“Matt Hancock: I was threatened with ‘public execution’ after affair scandal.”
I’ve read that headline (from a tame Telegraph interview with the noisome former health secretary) over a dozen times now. But still I can’t work out what the problem is.
Matt Hancock is one of the most widely hated British politicians in recent history. Of course a creature like him is going to get the occasional bit of hate mail from the general public. And if the worst he can come up with is someone demanding his ‘public execution’, then I would say he has got off pretty lightly. A ‘public execution’, after all, implies a punishment carried out in accordance with law after due process. If that’s what some enlightened judge decides some day in the future, then who are we to question the majesty and wisdom of the law?
Seriously, though, the creepy Hancock doth protest far, far too much. When you become an MP, let alone a Cabinet minister, and are involved in decisions which affect people’s lives or even their very survival, it is naive beyond measure to imagine that you won’t be exposed to robust criticism, especially in the age of social media.
For once I find myself in agreement with Tony Blair, who apparently advised Hancock how to cope:
“Just don’t look at Twitter. What on earth are you looking at that for?”
In the corrupt and mendacious world of the Westminster politics/media bubble, though, nothing is quite as it is presented. Ostensibly this is a story about the supposedly unacceptable levels of harassment politicians face in the course of their work serving the nation. What it’s really about, though, is ramping up censorship to levels that we all grew up imagining only existed in totalitarian states like Stalin’s Soviet Union or Mao’s China.
Here is the giveaway paragraph:
Mr Hancock has started a campaign with Rupa Huq, the Labour MP, to curb the abuse aimed at people in public life on social media. The hope is to establish a permanent body to work to improve public debate.
“Improve public debate”? What a slippery euphemism that is — and the journalist who wrote it ought to be ashamed of himself because essentially he is endorsing the dishonesty of these grubby little would-be fascists.

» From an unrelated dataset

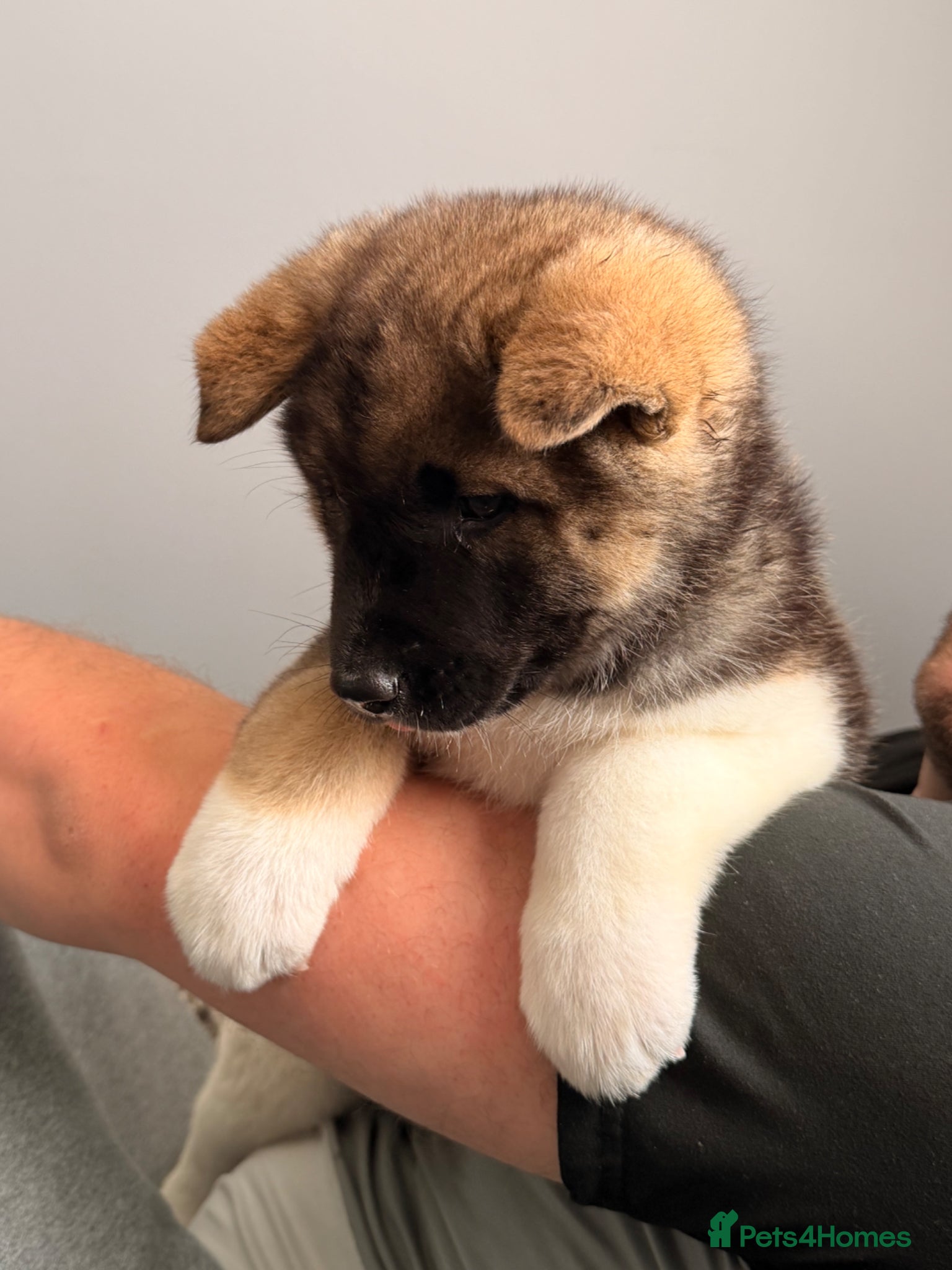 Akita dogs for sale: American Akita  - Advert 8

Public debate is at its best when it is free and frank. What Hancock and his fellow political weasel Rupa Huq are doing is trying to set up some official body whose job will be to decide which forms of discourse are acceptable. That is definitely not free speech. And it is definitely not an ‘improvement’ in public debate.
Once you spot these shyster politicians’ dirty tricks it becomes so painfully obvious it’s just embarrassing. Here’s Rupa Huq, doing the only thing she knows: playing the victim card for cry-bullying advantage.
“Social media gives people licence to — the gloves come off — and they say stuff that they wouldn’t in real life.”
She added: “Half of you think sticks and stones, but you just don’t know what may happen next. There may be people who want to sort of do a copycat attack.
“Women get it worse, women of colour, Muslim women — I’m in a Venn diagram where I’m all three.”
Inevitably, Huq attempts to shoehorn in the killing of Sir David Amess MP.
“But then you stop and think about something like the killing of Sir David Amess, and you think it’s not right, it is not on.”
No, indeed, Ms Huq. Killing MPs is indeed not on. But there is no evidence whatsoever that the killing of Amess could have been prevented if only there had been an official body whose job it was to censor hurtful tweets against politicians. It’s a complete red herring.
Westminster is a sewer. A cess pit. Its scaly denizens cannot be trusted an inch, not even the feisty backbenchers you thought were on your side because that was the narrative you were sold by the lying MSM. Mark Francois, for example. Remember him? Remember how during Brexit, he was the plain-speaking, red-faced, angry-little-man Spartan who wasn’t going to take no for an answer and by golly he was going to stand up for his constituents and the people who voted Brexit and yada yada yada…
Well we got the angry little man bit right. But independent, he ain’t. Francois is just another greasy little cog in the big government machine, as he demonstrated the other day when he shamingly sought to make political capital out of his friend Amess’s death by demanding that there be a ban on anonymous social media accounts.
Now here is Hancock advocating the same thing. He says in the interview:
“I think we should tackle anonymous accounts.”
Of course he does. All the MPs are moving in lockstep on this one. Even though free speech is probably more censored now than at any time since the Second World War, the politicians want more censorship still.
The comments have been switched off for that Telegraph article. Gosh, why could that be? Might it be, maybe, that if the readers were given a chance to comment, they would affirm their loathing for both Hancock and Huq, unconscionable greasy-pole-climbers who’ve done nothing to earn anyone’s respect and who would both serve their country better by resigning immediately, retiring to live in a cave, and never bothering us with their inanities ever again.
The more disgusting, venal, incompetent, and destructive our political class grows, the more it wants to clamp down on our ability to tell us what we think of it. Funny that.